The owner explains, “At the moment, we have production pretty much where we want it, but we can do better with integrating all the steps and putting them into sequence. We are specifically targeting materials handling and finishing.”
In addition, Campbell implies, EMI is not just positioning itself for better performance today, but to be ready for technological advances that are still on drawing boards or percolating in some innovator’s head.
And—even though the firm always is looking for ways to save labor—it will be taking on a few new workers, which will bring its total force up to about 60. As always, the company will be looking for candidates with superior talent and a desire to learn.
One new wrinkle, says Campbell: “We used to seek people who knew about wood, and we would teach them about technology. Now we are recruiting people who know and understand technology, and we will teach them about wood.”
The owner thinks his firm has something of an inside track for signing up top individuals. “We’re in a vibrant urban area, within minutes of New York City, the world’s greatest cultural center. We’re easily accessible by mass transportation, and we’re working with cutting-edge concepts, including automation and robotics. All this contributes to make EMI a highly desirable workplace.”
The company’s sales volume this year is projected at about $14 million, up from $13 million in 2011. Nevertheless, volume alone is not the goal, says Campbell. “We want interesting, profitable projects. We don’t place a lot of bids, but we will always go after a job where we can bring more value than anyone else.”
Bridging a gap
Typical of projects tackled by Eastern Millwork Inc. is a $4.8 million eight-level building that bridges two historic limestone and masonry halls at Manhattan-based Rockefeller University’s Collaborative Research Center.

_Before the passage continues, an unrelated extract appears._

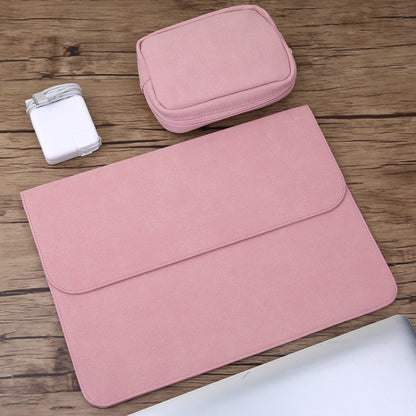กระเป๋าด้านในแล็ปท็อปหนังเคลือบแนวนอน 2 ใน 1 + กระเป๋า Power สำหรับ MacBook 12 นิ้ว A1534 (2015 - 2017), MacBook 12 inch A1534 (2015 - 2017)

Creating the millwork for the atrium took all of the company’s resources in working with glass, metal and wood.
When estimates for the design threatened to exceed the budget, EMI summoned its expertise in building information modeling. BIM has been defined as a 3D “digital representation of physical and functional characteristics of a facility.” The knowledge obtained from BIM facilitates contractors in making correct decisions from the outset, thereby eliminating costly rework and reengineering in the field.
A key design element at the Rockefeller University jobsite was a metal structure with wood ribs that curves around the atrium, resembling an ascending ladder or an enormous Venetian blind.
The challenge for the architectural millwork company was to keep the wood ribs level around the ellipse, which required precise metal to wood connections with every position representing a different angle.In the old days, EMI would have had to scope out the project using strings and chalk lines, a very time-consuming procedure and prone to error. Instead, the company utilized a Trimble LM80 Layout Solution device, which uses robotic technology to create a digital model.
Andrew Campbell, EMI’s president, says, “The industry move to BIM expands the envelope of information control, facilitating greater collaboration and automation of not only the production process, but the information process. Through this improved control, we can rethink the building process and the way we deliver a project.”